I'm not that familiar with functional programming but I think the answer is no. In the situation I'm describing, most of the arguments to the private methods are completely different except for the implicit this/self argument that contains the progress of the algorithm. Currying is about turning a function of multiple arguments into a function of one argument which itself is a function (which in turn takes a function as an argument, and so on). I don't see the connection. Maybe you could clarify?
If you have a function `foo(a, b, c)` and you find yourself passing the same a and b all the time, you can curry it into a function that only takes c: `f = curry(foo, a, b)` such that you can just call `f(c)`. The OO alternative would be to create a class:
class Foo:
def __init__(self, a, b):
self.a = a
self.b = b
def f(c):
return foo(self.a, self.b, c)
And then you create an instance `obj = Foo(a, b)` and when you need to call `foo`, you call it via `obj.f(c)`. This is a long winded way of saying an object is a poor man's closure.
Ah I see, I believe you've mixed up currying with partial function application, that's what confused me (but, again, I'm not an expert on functional languages so it could be me that's mixed up). I believe that currying doesn't take any arguments except the function itself:
# Signature of f is (a, b, c) -> r
g = curry(f)
# Signature of g is a -> (b -> (c -> r))
# i.e. g is a -> blah,
# where blah itself is a function taking b, etc.

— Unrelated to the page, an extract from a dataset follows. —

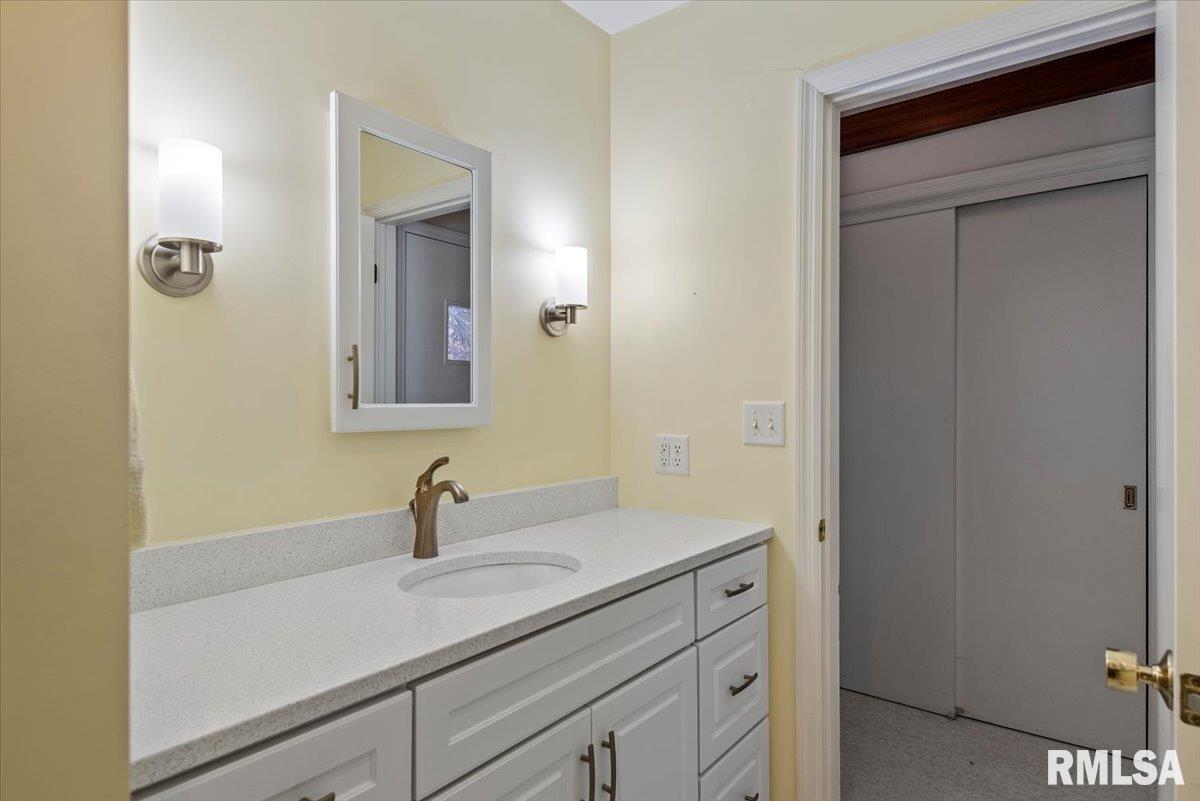 2311 South Willemore Avenue Springfield, IL 62704 - Photo 22 of 38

Admittedly you can get partial function application out of currying (but only with parameters at the start of the parameter list):
g = curry(f)
h = g(a)(b)
# Signature of h is c -> r
But, although they're related, they're different procedures overall: sometimes you'll really want the curried function without immediately applying some arguments to it.
Anyway, replacing "currying" with "partial function application" in your earlier comment: I suppose you're right to some extent, but the "this" parameter usually isn't that hidden and in Python you even pass the "self" parameter explicitly. I suppose the real major thing is you've put a bunch of parameters into a single class/tuple/struct rather than spelling them out individually; if you had a weird language that didn't support structs etc. then some partial function application would certainly be a very useful alternative to writing the same argument list out many times. But once you've got the struct, making your utility functions be methods is just minor syntactic sugar on top of that.
Yeah, you’re probably right. I don’t understand all the tedious, annoying functional jargon; I just know there is a function in Racket called “curry” which does what I described above. Sorry for my error.
> I suppose the real major thing is you've put a bunch of parameters into a single class/tuple/struct rather than spelling them out individually
Yes, this is the mechanic, ultimately. Partial application vs structs/objects/tuples are just two different solutions for the same problem. Arguably they may even reduce down to the same underlying solution (to the extent that closures are objects behind the scenes).